Heartbeat Act is saving lives
Mother and Unborn Baby Care has assisted women in crisis pregnancies since it was founded by Chuck and Pat Pelletier 37 years ago. The nonprofit provides counseling, agency referrals, and enough financial assistance to afford the costs related to pregnancy, delivery, and newborn care. Offering hope and spiritual guidance as well as practical resources, the only Catholic pro-life pregnancy center in Fort Worth has saved over 8,000 babies from abortion.
“We help women understand the baby is not the crisis,” explained Pat Pelletier, the organization’s president. “We let them know there is so much assistance available in this area.”
Mother and Unborn Baby Care is currently building a $1 million center adjacent to an abortion clinic on Lackland Road where 500 abortions are performed each month.
“It’s going to give us an opportunity to walk a girl from one place [the clinic] right next door where we can explain all the programs that exist to help her,” Pelletier said. “We just have to interrupt that walk into the front door of the abortion clinic.”
The Texas Heartbeat Act, which went into effect Sept. 1, has already had an impact on the abortion industry. Fifty percent fewer abortions were performed at Texas facilities during September 2021 compared to a year earlier, according to a study by the Texas Policy Evaluation Project at UT-Austin.
Local abortion clinics also are servicing fewer clients.
“The law has saved hundreds of babies,” observed Pelletier, who continues to do sidewalk counseling. “One clinic is sometimes closed three days a week. They’ve cut back on their hours so the Heartbeat Act has done a lot of good.”
Conservative leaning court is key
On Nov. 1 the Supreme Court heard arguments in two cases brought by abortion providers and the federal government regarding the Texas Heartbeat Act’s enforcement mechanism. The bill can be enforced only by private civil actions and not public officials.
“It’s a very clever mechanism that’s never been tried before to this extent and that’s why the Supreme Court took the case,” Pojman said. “They may want to create new precedent for this type of law.”
Pojman and other pro-life advocates, including representatives from the Texas Catholic Conference of Bishops, are traveling to Washington, D.C., to voice their support for Mississippi’s bill and other pro-life legislation.
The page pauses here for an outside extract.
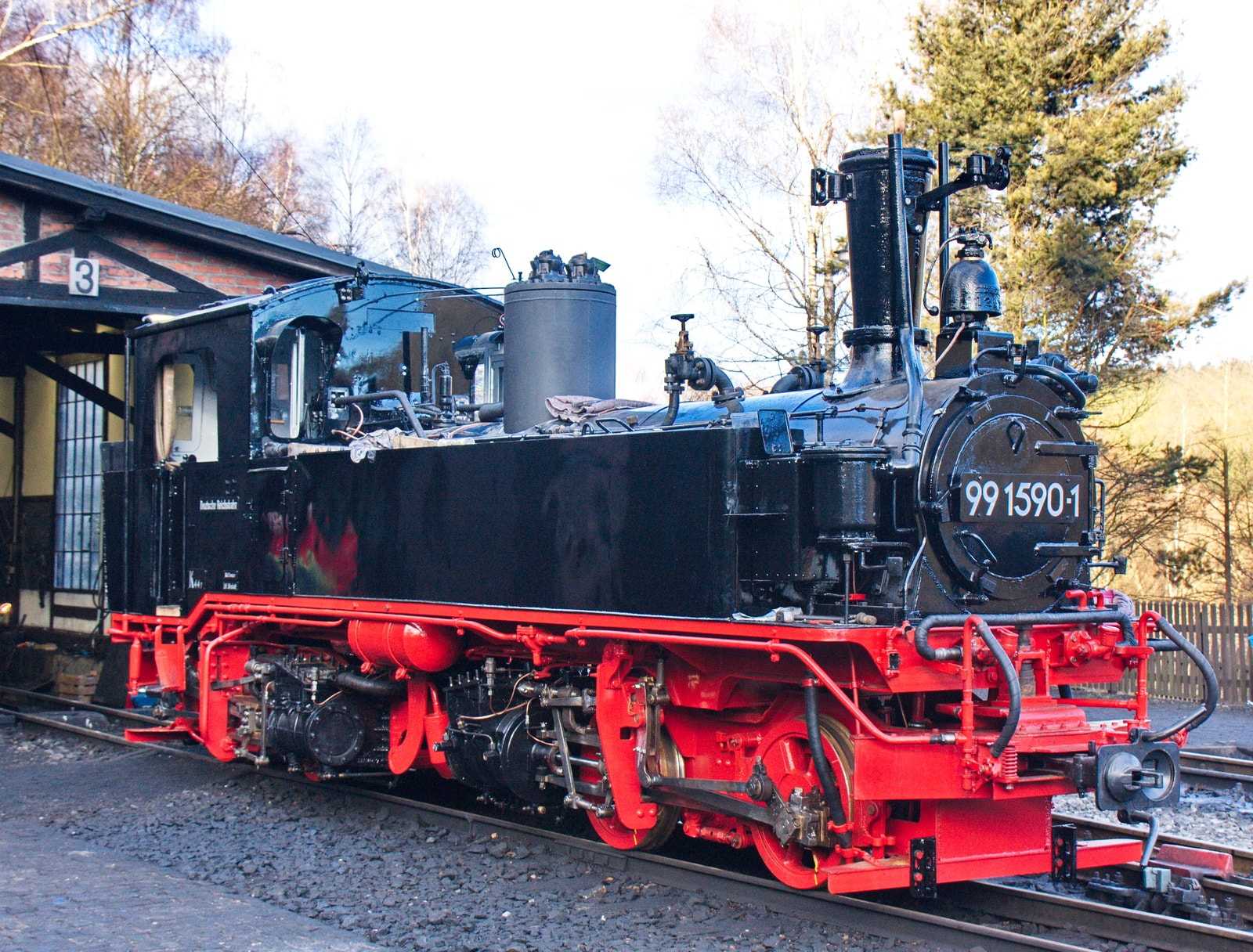 99 1590-1 nach Abschluss der Fahrzeuguntersuchung 2013/2014 vor der Ausführung der letzten Montagearbeiten am Lokschuppen Jöhstadt.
The proceedings are not open to the public, but the court will allow an audio broadcast of the oral arguments.
“We can’t get in the courtroom but there will be pro-life rallies outside,” he assured.
Pojman admits his hopes of seeing Roe v. Wade overturned were dashed in the past, “but we have not had five votes on the court who we think are reasonably open to revisiting the Roe v. Wade precedent,” he said.
Today the court has a 6–3 conservative majority. When Justice Ruth Bader Ginsburg, a staunch abortion rights supporter, died in 2020, she was replaced on the court by Justice Amy Coney Barrett, whose pro-life views were challenged during her confirmation hearing. Only one justice, Clarence Thomas, has publicly called for Roe to be overruled.
Prior to Dobbs v. Jackson Women’s Health, the Supreme Court had never agreed to hear a case over a pre-viability abortion ban.